The Partnership's improved properties in the Tri-City Corporate Centre are as
follows:
Property Type Square Feet
- -------------------------- ---------------------------------- -----------
One Vanderbilt Four story office building 73,730
Two Vanderbilt Four story office building 69,046
Carnegie Business Center I Two R & D buildings 62,539
Service Retail Center Two retail buildings 20,780
Promotional Retail Center Four strip center retail buildings 66,265
Inland Regional Center Two story office building 81,079
TGI Friday's Restaurant 9,386
Circuit City Retail building 39,123
Office Max Retail building 23,500
Mimi's Cafe Restaurant 6,455
Remaining Properties
The Partnership's Remaining Properties consist of approximately 24.8 acres of
undeveloped, commercially zoned land in Lake Elsinore, Riverside County,
California ("Lake Elsinore Plaza") and the remaining two parcels (approximately
1.8 acres) of undeveloped, commercially zoned land in Temecula, Riverside
County, California ("Rancon Towne Village"). The Lake Elsinore Plaza and the
Rancon Towne Village properties are reflected as land held for sale in the
accompanying consolidated balance sheets.

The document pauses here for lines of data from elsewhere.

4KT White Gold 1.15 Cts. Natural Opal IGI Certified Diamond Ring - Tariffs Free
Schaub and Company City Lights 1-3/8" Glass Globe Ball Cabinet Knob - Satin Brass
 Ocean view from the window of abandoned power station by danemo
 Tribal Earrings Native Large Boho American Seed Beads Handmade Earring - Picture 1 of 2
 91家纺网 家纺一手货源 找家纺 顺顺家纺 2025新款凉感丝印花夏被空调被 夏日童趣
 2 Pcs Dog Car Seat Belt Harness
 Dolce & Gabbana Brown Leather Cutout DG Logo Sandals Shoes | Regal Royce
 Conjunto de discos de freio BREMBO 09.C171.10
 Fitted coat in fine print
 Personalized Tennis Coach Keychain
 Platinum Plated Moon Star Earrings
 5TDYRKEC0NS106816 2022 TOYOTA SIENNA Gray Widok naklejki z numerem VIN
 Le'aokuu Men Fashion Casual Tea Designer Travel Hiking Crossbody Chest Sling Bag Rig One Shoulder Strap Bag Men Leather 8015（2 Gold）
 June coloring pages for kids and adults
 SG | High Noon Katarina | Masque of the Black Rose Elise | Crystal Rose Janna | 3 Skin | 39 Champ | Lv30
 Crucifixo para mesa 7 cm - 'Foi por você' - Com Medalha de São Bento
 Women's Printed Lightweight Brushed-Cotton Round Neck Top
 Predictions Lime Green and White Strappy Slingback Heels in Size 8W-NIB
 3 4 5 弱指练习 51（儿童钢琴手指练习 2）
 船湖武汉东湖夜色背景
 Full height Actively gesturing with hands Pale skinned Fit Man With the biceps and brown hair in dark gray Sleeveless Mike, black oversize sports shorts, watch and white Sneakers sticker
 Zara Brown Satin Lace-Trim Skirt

On October 6, 1999, the Partnership entered into a contract with an unaffiliated
third party buyer for the sale of one of the two Rancon Towne Village parcels
for $348,589. The sale is expected to close in December 1999. Additionally, on
October 13, 1999, the Partnership executed a letter of intent with an
unaffiliated third party buyer for the sale of Lake Elsinore Plaza for
$2,600,000. The sale is expected to close in February 2000. The sale of a Rancon
Towne Village parcel and the Lake Elsinore Plaza is subject to the completion of
due diligence, property inspections and other contingencies. Thus, there is no
assurance that the sales will be completed.
RESULTS OF OPERATIONS
Revenues
Rental income decreased $241,000, or 5%, during the nine months ended September
30, 1999, compared to the nine months ended September 30, 1998, primarily as a
result of the loss of rental income due to the June 1998 sale of Shadowridge
Woodbend Apartments ("Shadowridge"). This decrease in rental revenue was
partially offset by an increase due to the commencement of operations of Office
Max and Mimi's Cafe in October 1998 and January 1999, respectively, and the
overall increase in occupancy at the Tri-City Properties. Rental income
increased $129,000, or 9%, during the three months ended September 30, 1999,
compared to the three months ended September 30, 1998, primarily due to the
commencement of operations at Office Max and Mimi's Cafe and the overall
increase in occupancy at the Tri-City Properties.
Page 16 of 21
<PAGE>
Occupancy rates at the Partnership's Tri-City Properties as of September 30,
1999 and 1998 were as follows:
September 30,
-----------------
1999 1998
------- -------
One Vanderbilt 88% 91%
Two Vanderbilt 100% 93%
Service Retail Center 100% 95%
Carnegie Business Center I 77% 72%
Promotional Retail Center 100% 98%
Inland Regional Center 100% 100%
TGI Friday's 100% 100%
Circuit City 100% 100%
Office Max (commenced October 1998) 100% N/A
Mimi's Cafe (commenced January 1999) 100% N/A
As of September 30, 1999, tenants at the Tri-City Properties occupying
substantial portions of leased rental space included: (i) Inland Empire Health
Plan with a lease through March 2002; (ii) CompUSA with a lease through August
2003; (iii) ITT Educational Services with a lease through December 2004; (iv)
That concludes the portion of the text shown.